Problem
The data below must be returned in full and exactly.

Available records
────────

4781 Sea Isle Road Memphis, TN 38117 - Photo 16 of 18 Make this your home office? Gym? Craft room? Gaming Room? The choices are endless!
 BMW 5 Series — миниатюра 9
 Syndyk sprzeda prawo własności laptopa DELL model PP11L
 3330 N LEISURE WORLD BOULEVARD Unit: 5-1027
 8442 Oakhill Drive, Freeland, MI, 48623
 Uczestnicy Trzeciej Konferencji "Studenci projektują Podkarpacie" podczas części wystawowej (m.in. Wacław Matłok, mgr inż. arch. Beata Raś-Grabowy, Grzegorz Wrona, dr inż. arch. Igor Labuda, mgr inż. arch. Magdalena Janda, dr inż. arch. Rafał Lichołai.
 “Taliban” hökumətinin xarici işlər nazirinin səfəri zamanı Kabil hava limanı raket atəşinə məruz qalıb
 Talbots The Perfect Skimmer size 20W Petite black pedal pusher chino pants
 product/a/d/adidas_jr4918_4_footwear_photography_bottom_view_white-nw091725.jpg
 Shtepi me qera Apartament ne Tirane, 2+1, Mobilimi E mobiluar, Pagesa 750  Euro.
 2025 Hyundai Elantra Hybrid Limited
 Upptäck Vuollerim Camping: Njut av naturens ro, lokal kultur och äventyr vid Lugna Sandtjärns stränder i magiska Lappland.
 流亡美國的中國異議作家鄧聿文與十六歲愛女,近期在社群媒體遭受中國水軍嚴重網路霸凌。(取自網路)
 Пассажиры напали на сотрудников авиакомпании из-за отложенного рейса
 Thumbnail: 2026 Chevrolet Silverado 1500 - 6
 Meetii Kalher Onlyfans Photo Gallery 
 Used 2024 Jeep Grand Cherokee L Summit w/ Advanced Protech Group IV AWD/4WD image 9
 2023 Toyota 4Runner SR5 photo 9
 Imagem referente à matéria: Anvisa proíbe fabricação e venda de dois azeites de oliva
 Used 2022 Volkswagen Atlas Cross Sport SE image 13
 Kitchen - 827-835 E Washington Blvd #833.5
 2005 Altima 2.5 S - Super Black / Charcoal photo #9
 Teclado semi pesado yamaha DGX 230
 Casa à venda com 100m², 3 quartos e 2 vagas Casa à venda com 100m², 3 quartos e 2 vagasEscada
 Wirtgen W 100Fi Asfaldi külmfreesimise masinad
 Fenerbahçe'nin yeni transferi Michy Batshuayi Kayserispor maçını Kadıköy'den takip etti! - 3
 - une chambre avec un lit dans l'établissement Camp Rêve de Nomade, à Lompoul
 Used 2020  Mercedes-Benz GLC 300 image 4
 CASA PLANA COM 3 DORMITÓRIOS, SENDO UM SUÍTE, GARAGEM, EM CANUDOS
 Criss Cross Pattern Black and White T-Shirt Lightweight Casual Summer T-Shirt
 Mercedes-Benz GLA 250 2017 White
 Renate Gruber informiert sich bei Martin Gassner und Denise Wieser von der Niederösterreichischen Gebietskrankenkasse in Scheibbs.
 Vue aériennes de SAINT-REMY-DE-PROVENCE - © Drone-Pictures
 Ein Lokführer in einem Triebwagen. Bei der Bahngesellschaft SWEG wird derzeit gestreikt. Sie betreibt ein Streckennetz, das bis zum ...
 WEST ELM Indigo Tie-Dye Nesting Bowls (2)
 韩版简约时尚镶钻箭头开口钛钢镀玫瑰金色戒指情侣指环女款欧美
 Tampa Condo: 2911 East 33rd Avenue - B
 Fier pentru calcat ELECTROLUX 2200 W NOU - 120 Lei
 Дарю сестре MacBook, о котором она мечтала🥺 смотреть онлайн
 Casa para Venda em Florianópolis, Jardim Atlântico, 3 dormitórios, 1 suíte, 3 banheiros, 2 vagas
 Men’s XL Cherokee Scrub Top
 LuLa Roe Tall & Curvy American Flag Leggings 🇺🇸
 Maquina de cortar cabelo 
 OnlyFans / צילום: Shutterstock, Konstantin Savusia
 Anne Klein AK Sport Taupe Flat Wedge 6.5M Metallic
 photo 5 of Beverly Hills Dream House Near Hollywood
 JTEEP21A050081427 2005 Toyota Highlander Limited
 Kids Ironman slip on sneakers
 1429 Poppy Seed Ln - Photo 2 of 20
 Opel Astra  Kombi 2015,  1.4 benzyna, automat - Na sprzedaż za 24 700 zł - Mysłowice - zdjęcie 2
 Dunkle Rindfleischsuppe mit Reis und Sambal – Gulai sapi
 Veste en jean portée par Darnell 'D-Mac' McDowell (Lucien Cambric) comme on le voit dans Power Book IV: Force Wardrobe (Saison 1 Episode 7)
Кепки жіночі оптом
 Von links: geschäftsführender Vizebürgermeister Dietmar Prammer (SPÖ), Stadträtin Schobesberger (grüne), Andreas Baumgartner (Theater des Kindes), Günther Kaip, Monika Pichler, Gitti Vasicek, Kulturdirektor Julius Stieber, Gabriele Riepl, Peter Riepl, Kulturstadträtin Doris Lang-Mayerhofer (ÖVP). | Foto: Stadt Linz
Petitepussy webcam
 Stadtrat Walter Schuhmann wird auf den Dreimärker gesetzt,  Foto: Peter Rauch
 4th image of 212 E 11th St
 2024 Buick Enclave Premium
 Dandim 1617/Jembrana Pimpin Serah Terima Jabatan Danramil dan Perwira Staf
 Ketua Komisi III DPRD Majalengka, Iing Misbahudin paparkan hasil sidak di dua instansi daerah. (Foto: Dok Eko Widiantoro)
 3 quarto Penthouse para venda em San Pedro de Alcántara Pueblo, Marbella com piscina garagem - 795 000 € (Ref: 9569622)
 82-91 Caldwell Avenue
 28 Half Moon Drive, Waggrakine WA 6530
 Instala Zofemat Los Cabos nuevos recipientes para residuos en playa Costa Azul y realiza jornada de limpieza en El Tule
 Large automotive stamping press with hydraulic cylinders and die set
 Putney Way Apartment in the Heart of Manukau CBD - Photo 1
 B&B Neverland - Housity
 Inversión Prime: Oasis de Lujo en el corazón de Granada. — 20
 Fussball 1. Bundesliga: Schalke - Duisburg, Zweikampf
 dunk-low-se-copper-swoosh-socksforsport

────────

Answer to this task
4781 Sea Isle Road Memphis, TN 38117 - Photo 16 of 18 Make this your home office? Gym? Craft room? Gaming Room? The choices are endless!
 BMW 5 Series — миниатюра 9
 Syndyk sprzeda prawo własności laptopa DELL model PP11L
 3330 N LEISURE WORLD BOULEVARD Unit: 5-1027
 8442 Oakhill Drive, Freeland, MI, 48623
 Uczestnicy Trzeciej Konferencji "Studenci projektują Podkarpacie" podczas części wystawowej (m.in. Wacław Matłok, mgr inż. arch. Beata Raś-Grabowy, Grzegorz Wrona, dr inż. arch. Igor Labuda, mgr inż. arch. Magdalena Janda, dr inż. arch. Rafał Lichołai.
 “Taliban” hökumətinin xarici işlər nazirinin səfəri zamanı Kabil hava limanı raket atəşinə məruz qalıb
 Talbots The Perfect Skimmer size 20W Petite black pedal pusher chino pants
 product/a/d/adidas_jr4918_4_footwear_photography_bottom_view_white-nw091725.jpg
 Shtepi me qera Apartament ne Tirane, 2+1, Mobilimi E mobiluar, Pagesa 750  Euro.
 2025 Hyundai Elantra Hybrid Limited
 Upptäck Vuollerim Camping: Njut av naturens ro, lokal kultur och äventyr vid Lugna Sandtjärns stränder i magiska Lappland.
 流亡美國的中國異議作家鄧聿文與十六歲愛女,近期在社群媒體遭受中國水軍嚴重網路霸凌。(取自網路)
 Пассажиры напали на сотрудников авиакомпании из-за отложенного рейса
 Thumbnail: 2026 Chevrolet Silverado 1500 - 6
 Meetii Kalher Onlyfans Photo Gallery 
 Used 2024 Jeep Grand Cherokee L Summit w/ Advanced Protech Group IV AWD/4WD image 9
 2023 Toyota 4Runner SR5 photo 9
 Imagem referente à matéria: Anvisa proíbe fabricação e venda de dois azeites de oliva
 Used 2022 Volkswagen Atlas Cross Sport SE image 13
 Kitchen - 827-835 E Washington Blvd #833.5
 2005 Altima 2.5 S - Super Black / Charcoal photo #9
 Teclado semi pesado yamaha DGX 230
 Casa à venda com 100m², 3 quartos e 2 vagas Casa à venda com 100m², 3 quartos e 2 vagasEscada
 Wirtgen W 100Fi Asfaldi külmfreesimise masinad
 Fenerbahçe'nin yeni transferi Michy Batshuayi Kayserispor maçını Kadıköy'den takip etti! - 3
 - une chambre avec un lit dans l'établissement Camp Rêve de Nomade, à Lompoul
 Used 2020  Mercedes-Benz GLC 300 image 4
 CASA PLANA COM 3 DORMITÓRIOS, SENDO UM SUÍTE, GARAGEM, EM CANUDOS
 Criss Cross Pattern Black and White T-Shirt Lightweight Casual Summer T-Shirt
 Mercedes-Benz GLA 250 2017 White
 Renate Gruber informiert sich bei Martin Gassner und Denise Wieser von der Niederösterreichischen Gebietskrankenkasse in Scheibbs.
 Vue aériennes de SAINT-REMY-DE-PROVENCE - © Drone-Pictures
 Ein Lokführer in einem Triebwagen. Bei der Bahngesellschaft SWEG wird derzeit gestreikt. Sie betreibt ein Streckennetz, das bis zum ...
 WEST ELM Indigo Tie-Dye Nesting Bowls (2)
 韩版简约时尚镶钻箭头开口钛钢镀玫瑰金色戒指情侣指环女款欧美
 Tampa Condo: 2911 East 33rd Avenue - B
 Fier pentru calcat ELECTROLUX 2200 W NOU - 120 Lei
 Дарю сестре MacBook, о котором она мечтала🥺 смотреть онлайн
 Casa para Venda em Florianópolis, Jardim Atlântico, 3 dormitórios, 1 suíte, 3 banheiros, 2 vagas
 Men’s XL Cherokee Scrub Top
 LuLa Roe Tall & Curvy American Flag Leggings 🇺🇸
 Maquina de cortar cabelo 
 OnlyFans / צילום: Shutterstock, Konstantin Savusia
 Anne Klein AK Sport Taupe Flat Wedge 6.5M Metallic
 photo 5 of Beverly Hills Dream House Near Hollywood
 JTEEP21A050081427 2005 Toyota Highlander Limited
 Kids Ironman slip on sneakers
 1429 Poppy Seed Ln - Photo 2 of 20
 Opel Astra  Kombi 2015,  1.4 benzyna, automat - Na sprzedaż za 24 700 zł - Mysłowice - zdjęcie 2
 Dunkle Rindfleischsuppe mit Reis und Sambal – Gulai sapi
 Veste en jean portée par Darnell 'D-Mac' McDowell (Lucien Cambric) comme on le voit dans Power Book IV: Force Wardrobe (Saison 1 Episode 7)
Кепки жіночі оптом
 Von links: geschäftsführender Vizebürgermeister Dietmar Prammer (SPÖ), Stadträtin Schobesberger (grüne), Andreas Baumgartner (Theater des Kindes), Günther Kaip, Monika Pichler, Gitti Vasicek, Kulturdirektor Julius Stieber, Gabriele Riepl, Peter Riepl, Kulturstadträtin Doris Lang-Mayerhofer (ÖVP). | Foto: Stadt Linz
Petitepussy webcam
 Stadtrat Walter Schuhmann wird auf den Dreimärker gesetzt,  Foto: Peter Rauch
 4th image of 212 E 11th St
 2024 Buick Enclave Premium
 Dandim 1617/Jembrana Pimpin Serah Terima Jabatan Danramil dan Perwira Staf
 Ketua Komisi III DPRD Majalengka, Iing Misbahudin paparkan hasil sidak di dua instansi daerah. (Foto: Dok Eko Widiantoro)
 3 quarto Penthouse para venda em San Pedro de Alcántara Pueblo, Marbella com piscina garagem - 795 000 € (Ref: 9569622)
 82-91 Caldwell Avenue
 28 Half Moon Drive, Waggrakine WA 6530
 Instala Zofemat Los Cabos nuevos recipientes para residuos en playa Costa Azul y realiza jornada de limpieza en El Tule
 Large automotive stamping press with hydraulic cylinders and die set
 Putney Way Apartment in the Heart of Manukau CBD - Photo 1
 B&B Neverland - Housity
 Inversión Prime: Oasis de Lujo en el corazón de Granada. — 20
 Fussball 1. Bundesliga: Schalke - Duisburg, Zweikampf
 dunk-low-se-copper-swoosh-socksforsport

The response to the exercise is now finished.